> _Task directions_:
An exact transcription of every record is needed, leaving out the pictures.
□ □ □
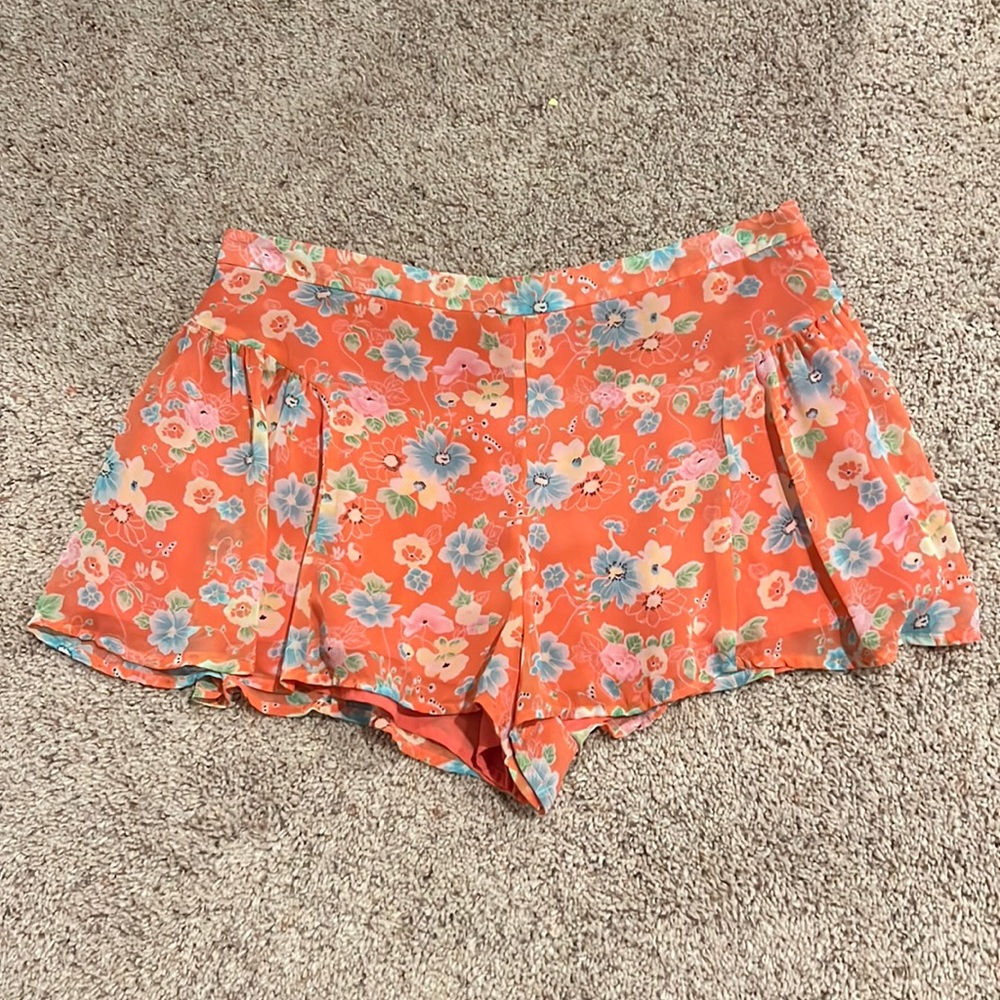 Free People Floral Shorts Orange Sz 6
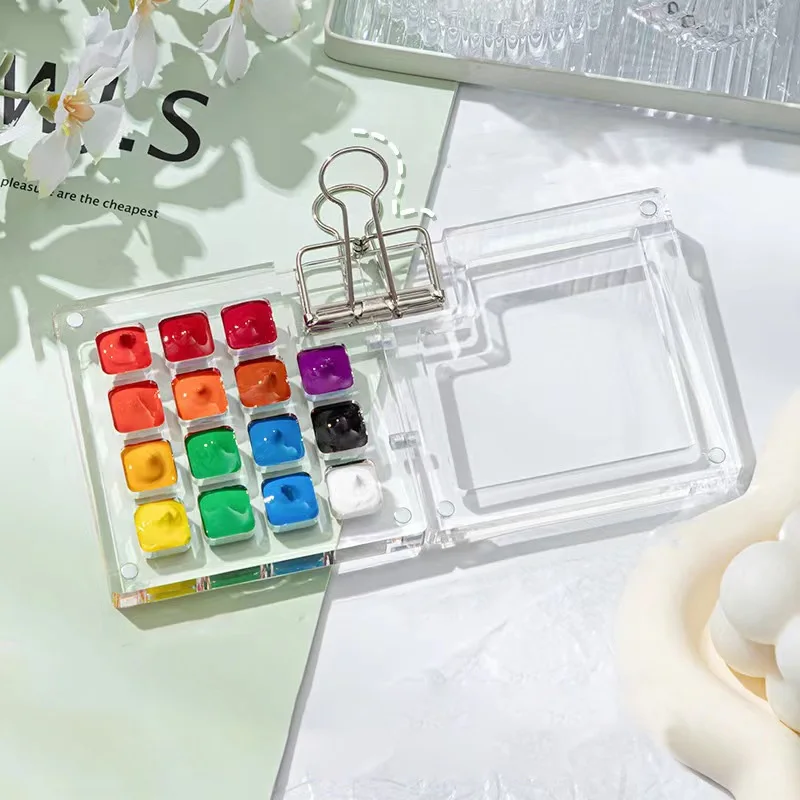 Acrylic Mini Watercolor Palette Empty 8/15 Grid Portable Paint Box Travel Painting Watercolor Packaging Paint Tray Art Supplies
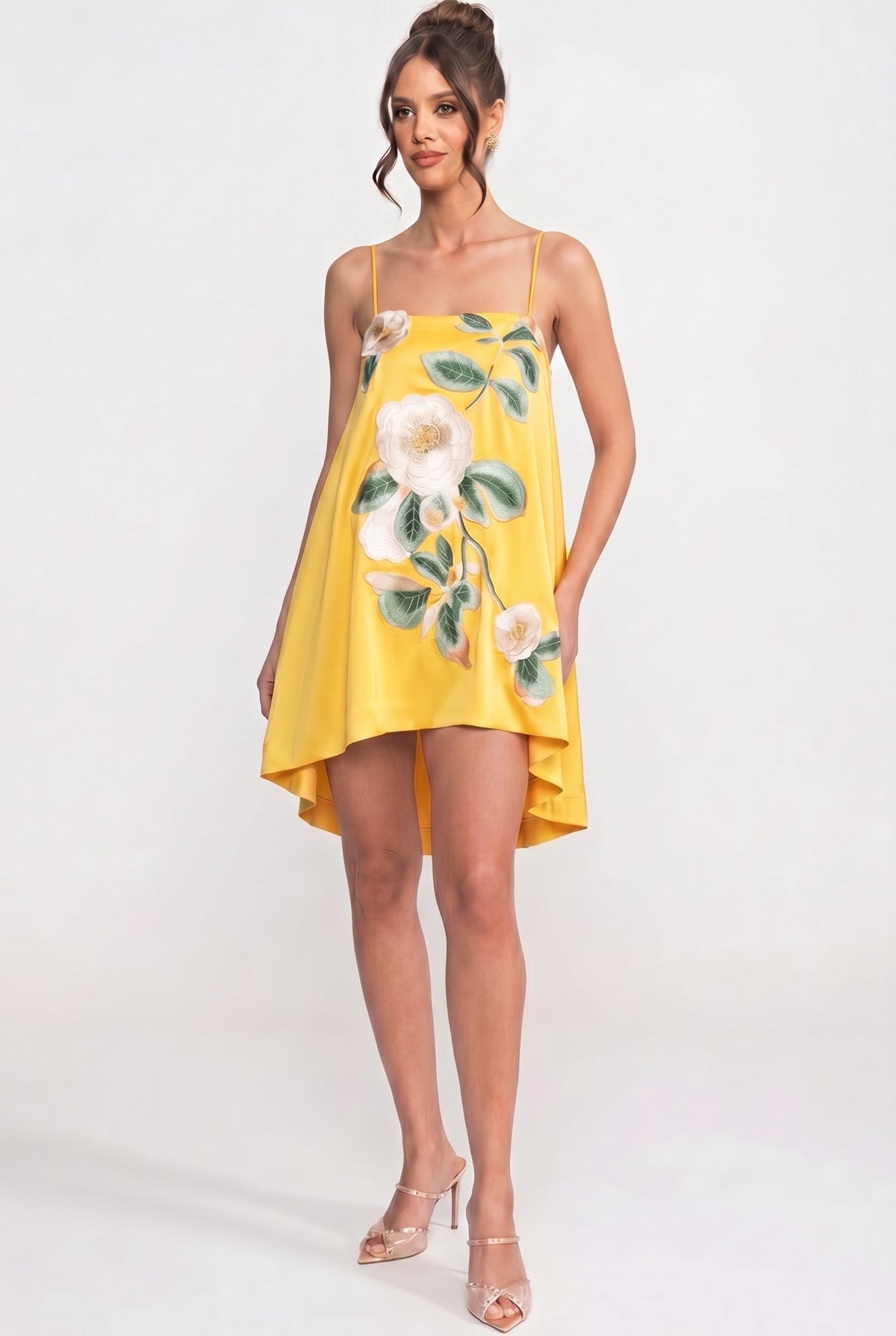 Spaghetti-Strap Mini Dress - Yellow - View 3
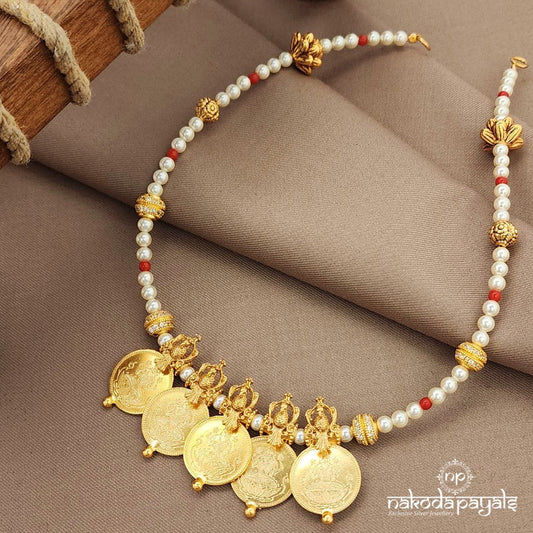 Coral Peocock Traditional Lakshmi Kasu (Gn9296)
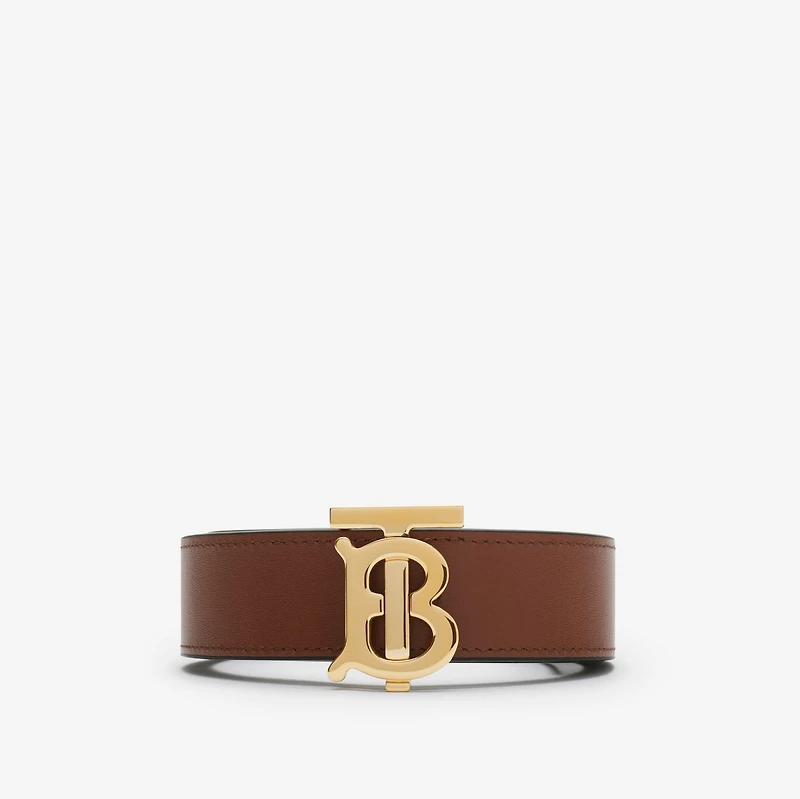 Leather Reversible TB Belt in Black/tan/gold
□ □ □
> _Result below_:
 Free People Floral Shorts Orange Sz 6
 Acrylic Mini Watercolor Palette Empty 8/15 Grid Portable Paint Box Travel Painting Watercolor Packaging Paint Tray Art Supplies
 Spaghetti-Strap Mini Dress - Yellow - View 3
 Coral Peocock Traditional Lakshmi Kasu (Gn9296)
 Leather Reversible TB Belt in Black/tan/gold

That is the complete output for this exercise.